Nation of Devils: Democratic Leadership and the Problem of Obedience by Stein Ringen
I don’t necessarily agree with all of it, but interesting thoughts. The author brings the perspective of being a head of ministerial research and assistant director general in the Ministry of Justice in his native Norway, and of the United Nations in New Work, and has lived and worked in Britain, France, Germany, the US and Sweden, as a political journalist and management consultant. He aims to answer the questions “how can a government dispense necessary rule, and how can the population protect itself against excessive rule.” He’s also very interested in the US, by no means convinced that it is still a democracy, but I was most interested in the British side.
p. 198-199
Britain is not going to get a government better set to rule than New Labour in its good years. But it was unable. America is not going to get a more worthy and able president than Barack Obama. But his promise was ground down by a system that took revenge. No doubt, there are other dysfunctional democracies to pick on, but these are the ones worth confronting. It is right to say that they are dysfunctional. Policy is not made, or if made not in the service of the public good, or if in the service of the public food not implemented. It is right to say that they have gone dysfunctional Until recently, these were normal democracies. In Britain, the constitutional system declined from “order” to “mess” after the 1970s..

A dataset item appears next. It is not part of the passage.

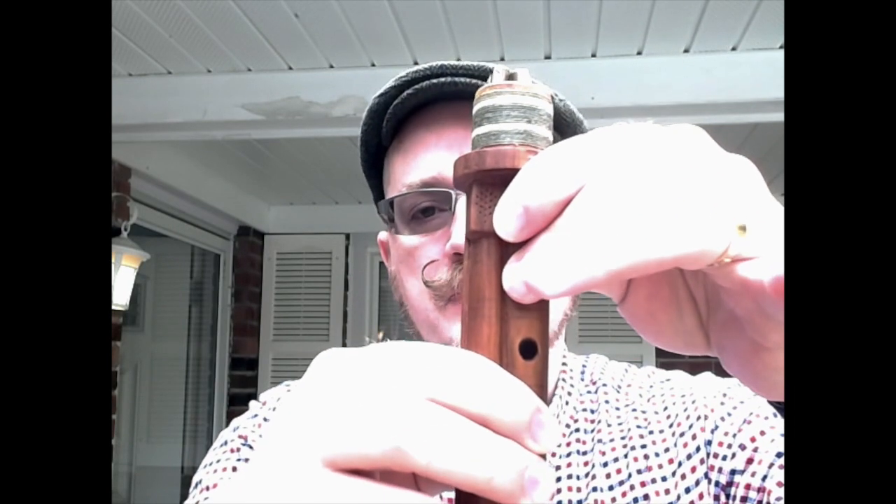Chances are you're going to hear something like this when you play the fifth on the melody pipe. On a Hungarian bagpipe, that's uncovering this finger. On other kinds of Contracander bagpipes it may be another one, but it's not going to sound pleasant.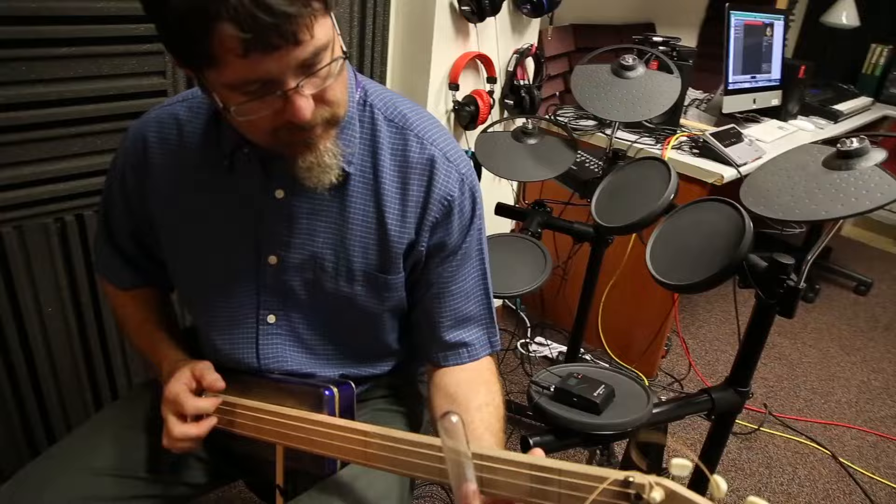If you've ever thought about building your own instrument, you just happen to have a maker's space here in our library. I'd love to help you get your very own traditional American hobo guitar.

In Britain … “what needs to be done is far from revolutionary. The agent of reform is Parliament, which has the power to reform as it wishes….
1. The House of Commons should establish itself as an equitable partner to the government in political decisionmaking and should exercise effective scrutiny in legislative and budgetary decisions. …
2. Political funding should be redesigned to prevent the consolidation in Britain of an overpowering politico-corporate complex.
3. Local government with serious autonomy and responsibility should be constituted as a counterweight to the concentration of political power to London.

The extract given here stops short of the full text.